Lalu Subalidinata, penulis buku Sejarah dan Perkembangan Murwakala dan Ruwatan dari Sumber-Sumber Sastra Jawa (1985) itu berkata lagi, "Sayangnya masyarakat sekarang banyak yang lupa atas nilai-nilai ruwat tersebut. Ikut meruwat anak hanya karena gengsi atau kelebihan uang. Akibatnya, tidak sedikit upacara ruwatan hanya tinggal kebudayaan tanpa pemahaman makna luhur dari tradisi itu sendiri.”

Bagaimanapun upacara ruwatan kini sudah menggejala di berbagai kota di Jawa, bukan hanya di Yogyakarta. Di Jakarta juga pernah diselenggarakan ruwatan massal. Sedangkan di Surabaya, tanggal 11 Juli 1993 terselenggara ruwatan massal yang diikuti oleh 167 anak sukerto dari 97 keluarga dari berbagai penjuru masyarakat Jawa Timur. Ini semua membuktikan, ruwat atau lukat yang berarti penyucian diri masih melekat dalam konsep kepercayaan masyarakat Jawa, terlepas dari keragaman motivasinya.

Bukti tertua

Sejak kapan masyarakat Jawa mengenal ruwat? Sukar ditebak, apalagi diketahui pasti. Yang jelas, bukti tertulis yang tertua, kata ruwat terdapat dalam lontar kuno Ramayana dari abad IX pada masa Mataram Kuno.
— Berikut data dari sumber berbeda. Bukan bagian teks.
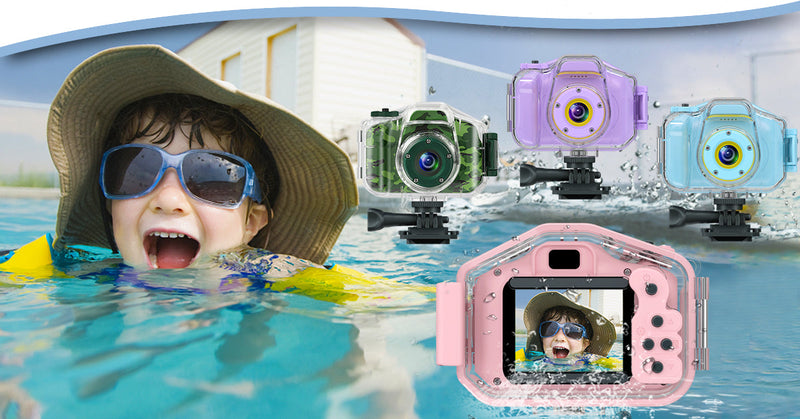 DEKER Kids Waterproof Camera, Underwater HD Digital Camcorder, Green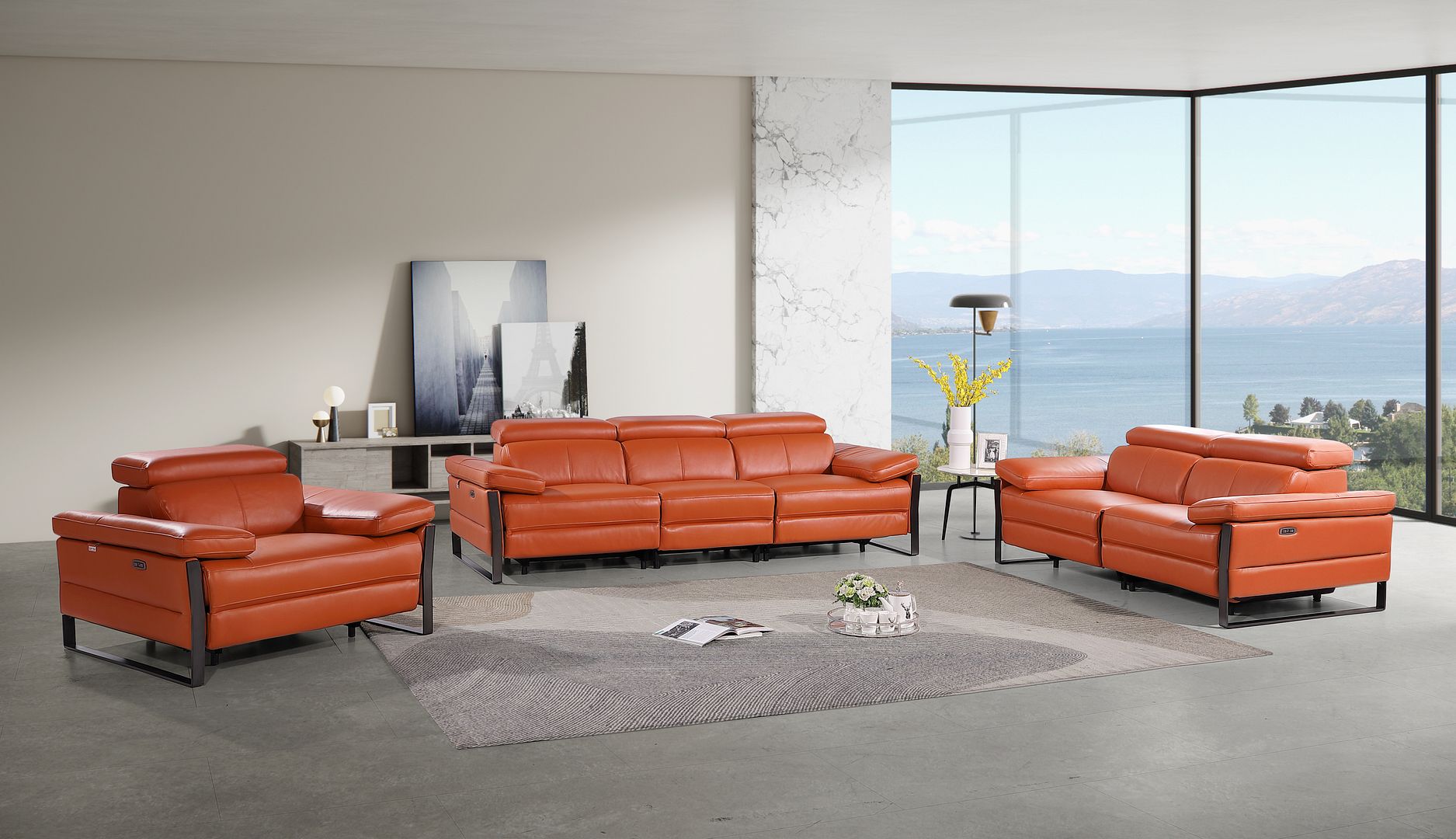 1246 Divanitalia Modular Power Dual Reclining Sofa, Loveseat, and Chair Set with Power Headrests - Top Grain Italian Leather - Camel - SKU 1246-CAMEL-6.5-HT-3PC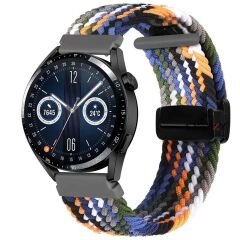 Sneezy Huawei Watch GT Runner-Sport 46mm- GT2 E Uyumlu 22mm FiberLink Manyetik Tokalı Örgü Kordon Siyah - Turuncu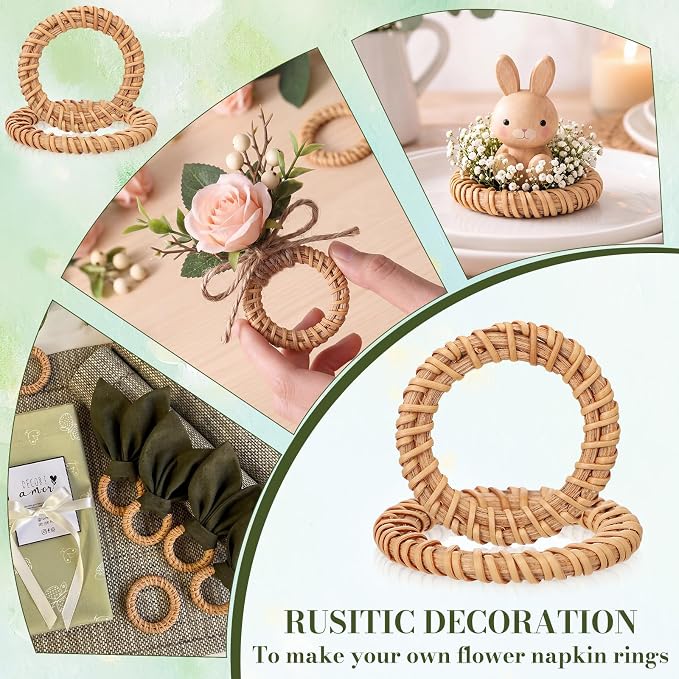 50 Pcs Boho Woven Rattan Napkin Rings Bulk Rustic Style Round Dining Table - Image 6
Lalu pada masa Kerajaan Kediri sekitar abad M kata ruwat atau lukat yang berarti menghapus atau membebaskan penderitaan ditemukan juga dalam berbagai lontar suci seperti lontar Hariwangsa, Sumanasantaka.

Akhirnya, pada masa Majapahit istilah ruwat subur menghiasi karya sastra bentuk kakawin (puisi) dan kidung (nyanyian) seperti misalnya Kakawin Kunjarakama.

Kecuali itu, ada pula bukti visual ruwat terpahat apik di beberapa tembok candi di Jawa Timur. Candi Surawana dan Tigawangi di Kediri (Jawa Timur) misalnya, barangkali bukti paling klasik tentang ruwat yang dicuplik dari kidung sakral Sudamala zaman Majapahit pertengahan abad XIV.

Tema kisah ruwat dalam naskah-naskah kuno umumnya cenderung mengenai pembebasan makhluk sengsara yang semula dewa. Karena kutukan, ia berubah wujud menjadi binatang atau raksasa yang akan berubah wujud sempurna kembali setelah diruwat oleh manusia.

Upacara ruwatan ternyata juga menarik perhatian peneliti Belanda. Pigeaud (1960), pakar sejarah kuno Indonesia, dalam ulasannya menyatakan, pada zaman Seda Krapyak awal abad XVII, dalang Anjang Mas dari Kedu mengubah upacara ruwatan yang semula dilakukan dengan wayang beber dengan wayang kulit. Upacara ruwat diduga semula untuk kesucian hidup surgawi yang akhirnya berkembang ke masalah nasib hidup duniawi.

Kemunculan tradisi ruwat itu pun ditafsirkan berasal dari lingkungan keraton yang akhirnya menyebar dan berkembang menjadi milik masyarakat luas.

"Pengertian ruwat sejak dulu memang sudah ada," ujar Drs. Subalidinata. Ruwatan sekarang sangat mungkin merupakan perkembangan dari ruwat zaman dulu yang memiliki nilai religius. "Saya setuju kalau nilai-nilai tradisi lama itu dilestarikan. Cuma sayangnya, sekarang ini apa-apa bisa diruwat, bahkan diselenggarakan mewah di hotel-hotel berbintang sebagai daya tarik wisatawan."

Ruwatan sebenarnya proses suci dalam rangka manusia mengoreksi din untuk kembali pada jalan yang benar. Tapi sekarang proses suci ini banyak dimanfaatkan beberapa pihak untuk tujuan komersial. "Seharusnya mereka ingat esensi yang sebenarnya dengan berpatokan pada tujuan semula dari duniawi ke rohani."